Working in the opposite direction are a number of other important factors that more than overwhelm these positive trends. Higher damage awards in accident cases of all sorts reduce the share of total damages that individuals incur in an accident that can be met by the required coverage levels under Price-Anderson's. Surging populations, the real estate they live and work in, and the value of that real estate, all make the magnitude of damage from any accident scenario substantially larger than thirty years ago.
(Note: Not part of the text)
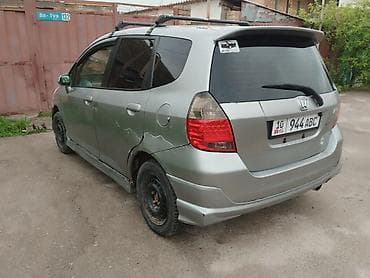 диски w213: Honda Shuttle: 2003 г., 1.3 л, Автомат, Бензин, Хэтчбэк — 3
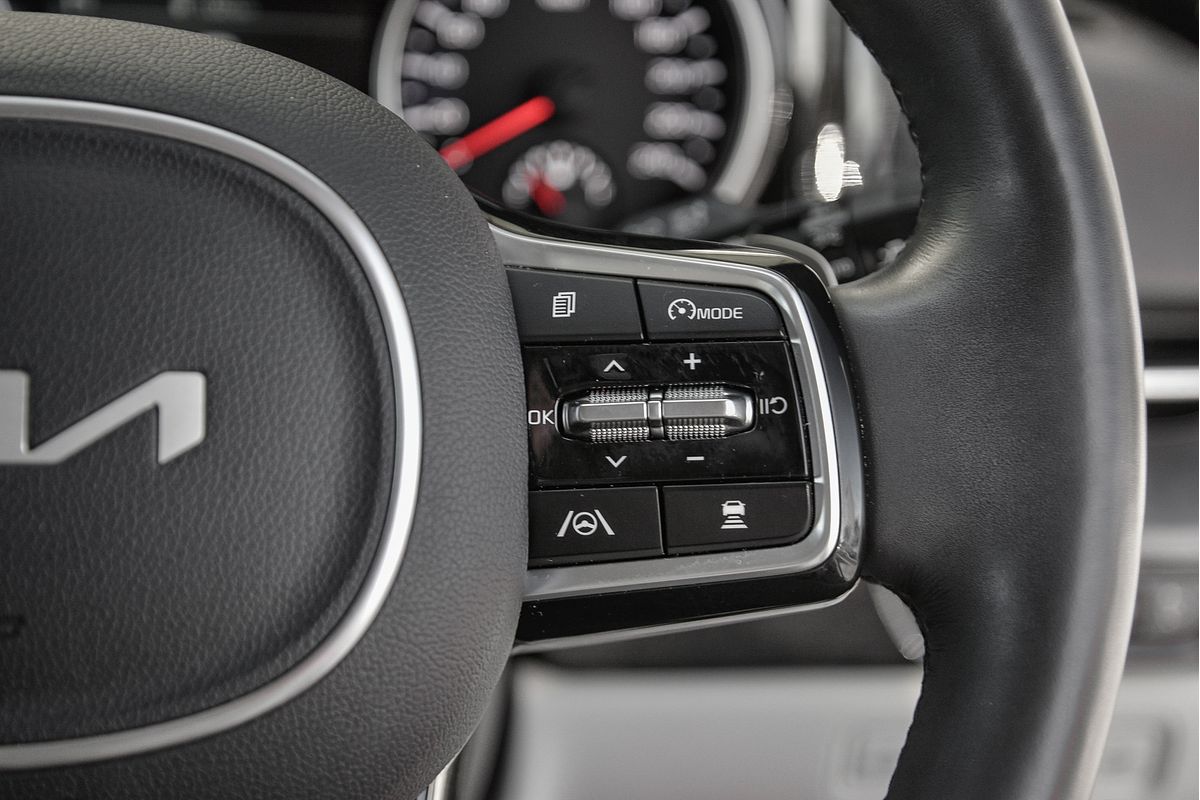2022 Kia Carnival Platinum KA4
The Associated Press has modeled just how much population has surged around the nation's nuclear plants, dramatically illustrating this point. Using a computer-assisted population analysis, they conclude that the population surrounding plants is 4 1/2 times larger than in 1980. Roughly 120 million people -- 40 percent of the US population -- live within 50 miles of a reactor. This is the radius that the US government suggested people evacuate from in the recent Japanese accident. The AP notes that the evacuation zone at US reactors has remained frozen at only 10 miles since 1978. Many of the evacuation scenarios remain poorly updated and untested, particularly given the enormous changes in the affected populations since those plans were first developed.
It is useful to remember that the emergency plans for the BP Horizon rig were also poorly constructed, boilerplate, and untested; and that this was a factor in the resultant problems. The situation with nuclear plants seems even worse:
Last week, the AP reported that federal regulators, working in concert with industry, have repeatedly weakened or failed to enforce safety standards so old reactors can keep operating. The records review included tens of thousands of pages of government and industry studies, test results, inspection reports and regulatory policy statements.
A nice piece of work by AP, though certainly a sobering read. It seems unlikely that the NRC plans to do much about this problem, though it is certainly a core part of its regulatory mission.